Adding all the ALMA observations together (left) indicates an elongation around Proxima Centauri to the lower left. But when you look at the individual observations, it's only seen in one (right) and not the other (middle). Credit: MacGregor et al.

Even the elongation of the central source, which the first team supposes could be a planet, is explained by looking at the observations individually. It's seen in one set but not the other, indicating it's probably just noise, random blips in the data.

Finally, that outer ring? They find that the number of background sources in the field could explain them too. Proxima lies very near the plane of the Milky Way galaxy as seen from Earth, so there could be lots of thin cold gas (called galactic cirrus) in the background that could look like blobs in the data. It's hard to say for sure, and more observations are needed.

So all of this is a bummer; rings of dust around the star was an exciting prospect (if only because they gave us info about the geometry of the system).

But it gets worse.

When they calculate the total energy of the big flare, it is ten times more powerful than one of the Sun's bigger flares! That's a lot of energy. So much, in fact, that the planet, Proxima b, would get good and fried by it. I mean crispy. The planet orbits the star much closer than Earth does the Sun, about 7 million kilometers from Proxima, so the energy from the flare would hit it a lot harder. Assuming these flares happen relatively often (a very safe bet), over the lifetime of the planet these would basically sandblast the planet, ripping the atmosphere right off the planet. They'd strip away any oceans, too, and sterilize whatever was left.
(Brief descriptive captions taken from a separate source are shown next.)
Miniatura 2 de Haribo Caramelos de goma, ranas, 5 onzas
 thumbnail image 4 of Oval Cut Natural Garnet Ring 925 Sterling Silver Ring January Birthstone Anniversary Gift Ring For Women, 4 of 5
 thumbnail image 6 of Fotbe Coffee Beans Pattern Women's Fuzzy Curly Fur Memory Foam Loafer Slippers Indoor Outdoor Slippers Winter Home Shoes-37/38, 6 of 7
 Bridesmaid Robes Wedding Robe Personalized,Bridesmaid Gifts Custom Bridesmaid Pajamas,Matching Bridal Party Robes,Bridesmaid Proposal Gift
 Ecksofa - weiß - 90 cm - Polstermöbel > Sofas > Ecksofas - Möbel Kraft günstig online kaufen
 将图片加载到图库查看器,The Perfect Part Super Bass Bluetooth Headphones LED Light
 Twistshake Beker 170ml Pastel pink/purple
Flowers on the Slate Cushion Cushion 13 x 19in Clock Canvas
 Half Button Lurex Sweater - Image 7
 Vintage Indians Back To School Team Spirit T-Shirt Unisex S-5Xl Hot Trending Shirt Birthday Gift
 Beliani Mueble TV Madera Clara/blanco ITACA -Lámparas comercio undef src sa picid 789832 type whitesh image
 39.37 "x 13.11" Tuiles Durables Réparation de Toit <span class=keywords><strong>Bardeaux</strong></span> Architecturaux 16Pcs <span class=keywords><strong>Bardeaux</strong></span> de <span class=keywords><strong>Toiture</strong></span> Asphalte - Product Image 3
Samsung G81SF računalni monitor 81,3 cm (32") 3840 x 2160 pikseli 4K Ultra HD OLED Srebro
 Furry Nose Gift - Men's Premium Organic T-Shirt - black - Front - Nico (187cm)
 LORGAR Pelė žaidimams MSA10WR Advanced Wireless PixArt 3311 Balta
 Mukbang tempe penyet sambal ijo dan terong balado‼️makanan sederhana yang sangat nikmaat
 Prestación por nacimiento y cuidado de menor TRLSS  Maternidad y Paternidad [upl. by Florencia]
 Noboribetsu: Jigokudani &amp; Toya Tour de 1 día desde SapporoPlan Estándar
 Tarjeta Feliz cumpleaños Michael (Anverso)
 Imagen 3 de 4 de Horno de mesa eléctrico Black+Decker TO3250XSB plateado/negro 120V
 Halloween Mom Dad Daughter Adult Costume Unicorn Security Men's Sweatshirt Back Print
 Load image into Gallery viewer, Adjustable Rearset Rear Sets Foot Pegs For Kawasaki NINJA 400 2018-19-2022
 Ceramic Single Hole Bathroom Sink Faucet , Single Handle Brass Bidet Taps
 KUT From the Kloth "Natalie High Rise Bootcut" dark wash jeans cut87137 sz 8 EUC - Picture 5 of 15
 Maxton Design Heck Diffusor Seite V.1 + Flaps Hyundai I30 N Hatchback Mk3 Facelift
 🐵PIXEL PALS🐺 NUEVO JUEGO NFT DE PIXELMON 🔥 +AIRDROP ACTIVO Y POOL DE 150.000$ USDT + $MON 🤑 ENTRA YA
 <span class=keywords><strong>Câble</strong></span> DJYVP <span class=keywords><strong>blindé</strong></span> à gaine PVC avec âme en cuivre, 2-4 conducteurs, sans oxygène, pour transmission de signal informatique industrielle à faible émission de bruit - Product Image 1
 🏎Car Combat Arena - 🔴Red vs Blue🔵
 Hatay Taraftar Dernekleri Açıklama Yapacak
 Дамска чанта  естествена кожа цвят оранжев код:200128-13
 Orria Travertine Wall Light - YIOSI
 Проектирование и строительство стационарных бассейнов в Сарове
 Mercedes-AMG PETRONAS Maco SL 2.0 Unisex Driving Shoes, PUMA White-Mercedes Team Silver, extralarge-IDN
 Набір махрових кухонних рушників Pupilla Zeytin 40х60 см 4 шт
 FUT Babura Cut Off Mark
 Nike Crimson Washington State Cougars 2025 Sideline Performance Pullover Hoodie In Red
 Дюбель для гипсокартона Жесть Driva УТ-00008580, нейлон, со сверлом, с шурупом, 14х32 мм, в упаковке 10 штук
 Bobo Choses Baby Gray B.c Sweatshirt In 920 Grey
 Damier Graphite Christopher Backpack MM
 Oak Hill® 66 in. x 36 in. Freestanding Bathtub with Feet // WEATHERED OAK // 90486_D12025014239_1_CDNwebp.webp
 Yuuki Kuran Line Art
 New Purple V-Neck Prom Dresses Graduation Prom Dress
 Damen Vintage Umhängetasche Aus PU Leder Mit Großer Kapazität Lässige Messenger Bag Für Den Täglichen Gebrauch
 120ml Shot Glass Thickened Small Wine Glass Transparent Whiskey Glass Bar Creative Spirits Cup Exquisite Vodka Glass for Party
It's hard to overstate the damage. These flares, over billions of years, are downright apocalyptic. It's hard to imagine anything being able to survive. The planet may very well be a completely zapped airless lifeless ball of rock.

Yikes.

But that's science. Actually, that's two very important aspects of science: One is that sometimes getting new data or reassessing old data gives very different results, and the old conclusions need to be discarded (a corollary: Science is done by people, and we all make mistakes; the trick is to learn from them). The other is that even if the results are a massive bummer, welp, that's reality. It's under no obligation to be all unicorns and rainbows all the time.

The good news is that we're learning more about Proxima, and also that the existence of the planet itself isn't really in doubt. It's there. So that's still cool.

Science takes away, but it also gives. If you find comfort in that, wonderful! As for me, I'd rather see the world, the Universe, the way they truly are. For better or for worse.